THE INPUT Block Start
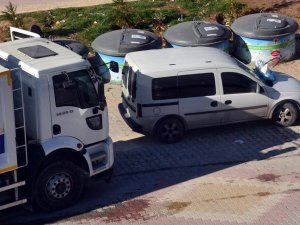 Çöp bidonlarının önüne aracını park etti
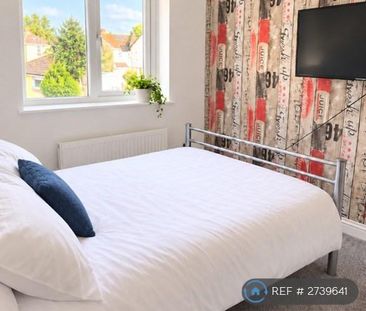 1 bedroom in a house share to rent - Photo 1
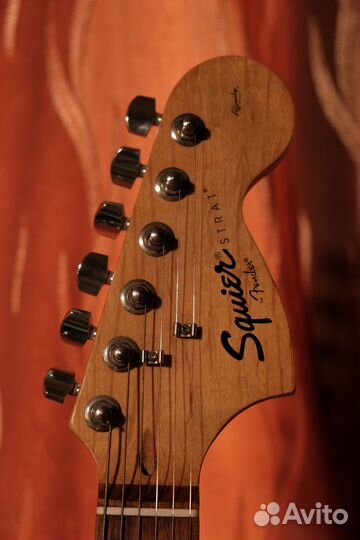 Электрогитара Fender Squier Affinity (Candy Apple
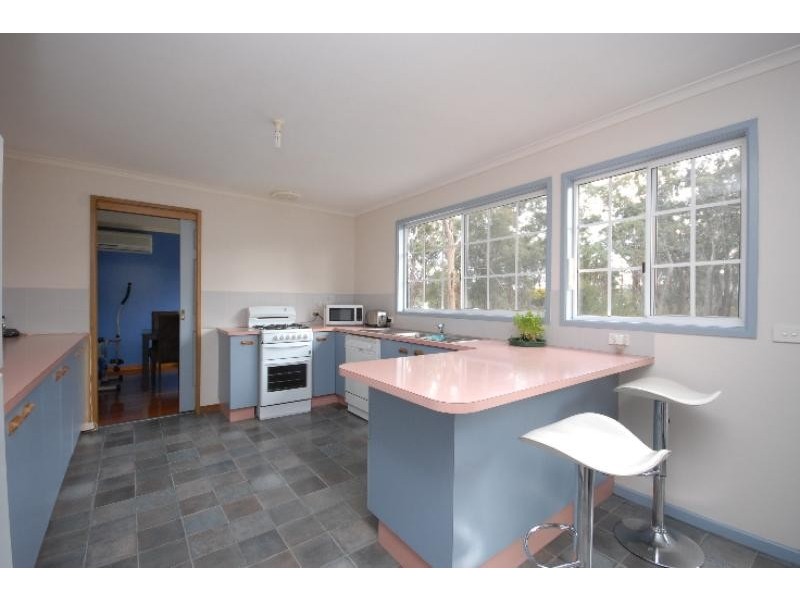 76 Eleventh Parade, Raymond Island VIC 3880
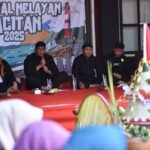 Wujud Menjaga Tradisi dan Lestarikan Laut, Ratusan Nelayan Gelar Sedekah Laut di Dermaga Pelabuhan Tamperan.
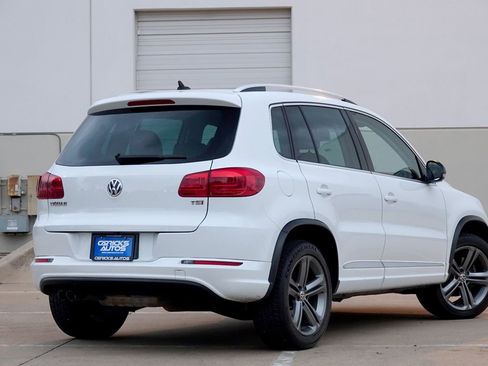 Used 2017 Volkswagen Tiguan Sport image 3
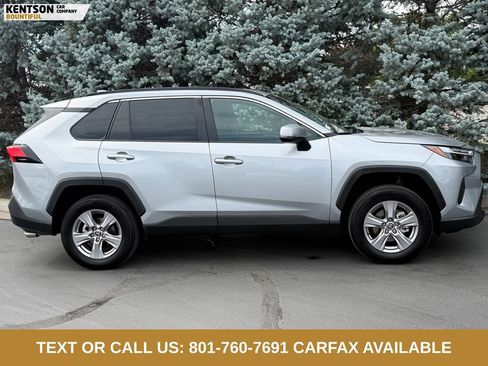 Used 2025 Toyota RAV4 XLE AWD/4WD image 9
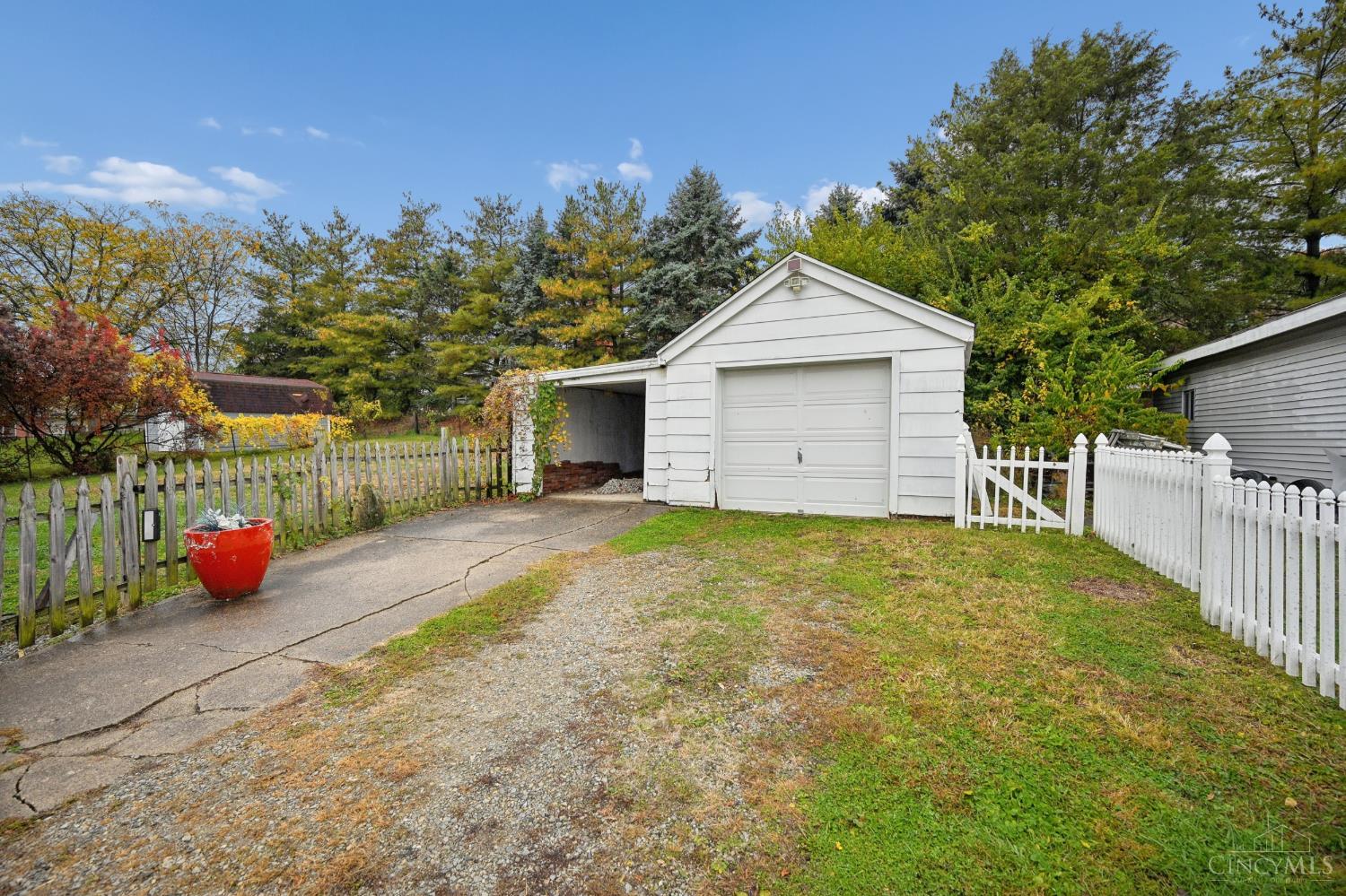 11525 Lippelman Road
THE INPUT Block End
Leaving the pictures aside, copy exactly and only the lines from the one holding "1 bedroom in a house share to rent - Photo 1" through the final line of the data, both ends kept.

 1 bedroom in a house share to rent - Photo 1
 Электрогитара Fender Squier Affinity (Candy Apple
 76 Eleventh Parade, Raymond Island VIC 3880
 Wujud Menjaga Tradisi dan Lestarikan Laut, Ratusan Nelayan Gelar Sedekah Laut di Dermaga Pelabuhan Tamperan.
 Used 2017 Volkswagen Tiguan Sport image 3
 Used 2025 Toyota RAV4 XLE AWD/4WD image 9
 11525 Lippelman Road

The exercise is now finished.